I have my heads decked .011 and everything is working fine so far. I hope to keep my belt changed every 25k though, not 60k. After checking the timing on the cutlass im tuning now, its obvious that even when the belt stretches, the cam banks don't get even timing. 8 retarded on the rear bank, 4 retarded on front intake and 2 retarded on the front exhaust. I think thats how it was, its 88 42 or 88 24. Either way, thats a stetched belt:P

So how thick is the headgasket? I got some new ones laying around but dont have a mic.

As for the rod stretch, let me see if what I learned in physics can show something here(no sarcasm intended this would be my first time doing this calculation towards somethign usefull):

A force in torque, converted to Newtons, and lengths converted to centimeters, with a cross-sectional area of 2"(this is a random guess) and the Young's Modulus for cast iron, I figure at 4500RPMs at peak torque the rod would stretch about 2.85*10^-8 inches. Or, .0000000285 inches.

Errors that can arrise in my equations used to figrue this out:
Rod cross-sectional area
Ignition timing on this engine @ 4500rpms

My stocker headgasket I just pulled out measures juuust over .060" on my digital caliper. Probably 060" compressed if I have to guess. So does that mean we have an extra .062" between actual valves and pistons with it in place with a .010" deck? Are we doing the calcs with the gasket figured in?

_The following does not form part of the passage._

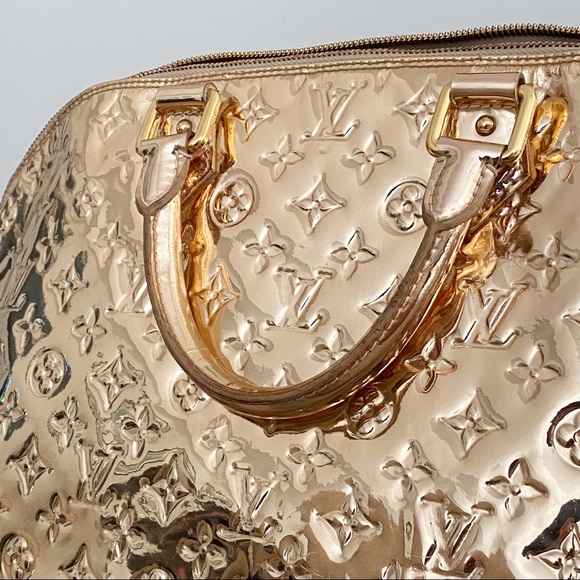 Paris Hilton Gold Alma GM Louis Vuitton Hand Bag - Picture 6 of 12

Im pretty sure its at 7000 when the rod is stretching more. I only know that the general rule is .030 quench area for lower RPM motors,and .040 for higher RPM. God knows I don't remember where I read this or if its true but yeah, thats what im going on. Besides, its the only way I can figure for people bending valves at high RPM when the belt breaks, yet most everyone else has no problems.

Im sure there are other factors as well.

Head gasket I believe is .040. .052 is what the machine shop told me was the clearance I think. Never have doublechecked this though since I dont have a motor here to test with.

don't mean to hijack but it is related to the thread somewhat. i have my heads at the machine shop getting the checked out and the guy said if they are warped he can take 5 thousandths off of it and make it right again if need be. i told him they are interference heads(96-97) he said it is a gimick by gm to get people to buy neww heads and they should be fine with 5 thousandths removed if need be.

what do u guys think?

Its possible. I never understood why 96-97 was interference since the valve reliefs are still there. Again, we need to really check the clearances to know for sure.